Annie Bloch independently released her second album Floors late last year. It’s an album that was shaped by a cacophony of influences. Bloch is based in Cologne, Germany, but was “born in Lower-Saxony, Germany, and reborn in Ireland.” The album features session musicians from both countries and was recorded after only a week of rehearsal. The short rehearsal period resulted in intimately raw performances while also highlighting the musicianship of Bloch and the players she utilized for the album. Moreover, spending time in “alternative venues, jazz bars, [and] classical concert rooms” has left its mark on Floors, resulting in a miscellany of chamber and jazz-tinged indie-rock tunes.
The opening track “Too Drunk to Talk” establishes the world in which this album resides. The din of chatter opens the record, and Bloch goes on to sing about relationship struggles in a straightforward, relatable way. Overall, her lyrics on Floors paint vivid pictures that the listener can get lost in.
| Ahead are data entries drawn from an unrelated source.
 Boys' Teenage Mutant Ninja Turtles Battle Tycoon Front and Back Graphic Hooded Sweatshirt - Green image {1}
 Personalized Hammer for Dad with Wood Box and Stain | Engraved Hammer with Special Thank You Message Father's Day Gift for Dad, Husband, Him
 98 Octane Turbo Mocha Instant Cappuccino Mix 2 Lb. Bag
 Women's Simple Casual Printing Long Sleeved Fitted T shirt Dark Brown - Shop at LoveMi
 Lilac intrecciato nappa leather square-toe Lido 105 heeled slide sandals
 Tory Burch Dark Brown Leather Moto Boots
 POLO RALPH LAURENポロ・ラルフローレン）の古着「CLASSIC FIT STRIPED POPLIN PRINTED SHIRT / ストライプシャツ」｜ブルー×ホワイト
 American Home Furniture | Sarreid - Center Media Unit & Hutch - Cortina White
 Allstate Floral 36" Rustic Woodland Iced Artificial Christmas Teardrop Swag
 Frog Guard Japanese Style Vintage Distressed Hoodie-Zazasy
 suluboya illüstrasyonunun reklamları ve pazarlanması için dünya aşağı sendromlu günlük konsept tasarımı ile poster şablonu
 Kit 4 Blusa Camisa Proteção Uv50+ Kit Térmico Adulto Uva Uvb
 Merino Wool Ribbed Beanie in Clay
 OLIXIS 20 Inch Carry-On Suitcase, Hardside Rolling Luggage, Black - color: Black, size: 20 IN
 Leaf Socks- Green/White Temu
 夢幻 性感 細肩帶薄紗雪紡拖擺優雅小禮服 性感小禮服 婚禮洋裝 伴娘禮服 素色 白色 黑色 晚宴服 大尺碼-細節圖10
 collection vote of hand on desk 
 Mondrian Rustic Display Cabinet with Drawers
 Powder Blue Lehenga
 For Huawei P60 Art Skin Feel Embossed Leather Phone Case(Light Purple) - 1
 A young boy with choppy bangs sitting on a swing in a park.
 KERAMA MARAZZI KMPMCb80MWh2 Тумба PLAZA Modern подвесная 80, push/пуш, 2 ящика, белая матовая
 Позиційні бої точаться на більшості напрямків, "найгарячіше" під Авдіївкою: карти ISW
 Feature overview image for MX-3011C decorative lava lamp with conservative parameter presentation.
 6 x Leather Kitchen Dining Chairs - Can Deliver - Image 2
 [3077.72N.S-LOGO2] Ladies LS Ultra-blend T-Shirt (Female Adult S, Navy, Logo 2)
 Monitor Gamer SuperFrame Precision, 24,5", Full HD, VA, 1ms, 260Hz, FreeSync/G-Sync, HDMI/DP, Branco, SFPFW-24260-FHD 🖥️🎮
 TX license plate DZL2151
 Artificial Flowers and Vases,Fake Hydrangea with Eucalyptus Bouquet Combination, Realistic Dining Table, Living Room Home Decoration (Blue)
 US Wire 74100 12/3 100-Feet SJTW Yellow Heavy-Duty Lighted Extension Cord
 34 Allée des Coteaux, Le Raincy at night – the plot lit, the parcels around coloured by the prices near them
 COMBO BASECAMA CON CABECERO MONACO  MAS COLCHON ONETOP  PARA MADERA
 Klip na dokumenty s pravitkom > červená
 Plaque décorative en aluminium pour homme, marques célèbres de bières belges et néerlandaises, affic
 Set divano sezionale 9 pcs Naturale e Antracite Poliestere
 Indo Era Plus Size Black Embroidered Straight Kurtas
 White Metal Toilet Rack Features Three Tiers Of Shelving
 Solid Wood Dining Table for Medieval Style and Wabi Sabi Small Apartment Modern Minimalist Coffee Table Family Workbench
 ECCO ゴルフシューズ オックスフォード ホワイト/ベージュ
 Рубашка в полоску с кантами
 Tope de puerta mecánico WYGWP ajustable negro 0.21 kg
Many of the songs on Floors feature chorus and reverb-soaked guitars. It creates a vast sound, mirroring the world Bloch has created through the lyrics. The tune “Cold Feet” has a guitar riff that will surely get stuck in your head. “Pouring” is another one that is anchored by its guitar work. The song has a twitchy drumbeat, and the guitar mirrors this discomfort, especially in the outro solo. The song breaks down into an avant-garde jam as if the drums and guitar are fighting against each other. It’s a wonderfully crazed moment.
Juxtaposed to the high energy of songs like “Pouring” are more quiet and contemplative tracks that feature strings and brass. “Offshore” is a beautiful track with a haunting string section. This, along with the glitchy guitar and metallic sounding percussion, gives the track a dystopian feeling.
Floors is sonically and lyrically rich with each track contributing a new element to the albums overall sound. The inclusion of chamber and jazz elements will attract listeners from all corners of the indie genre.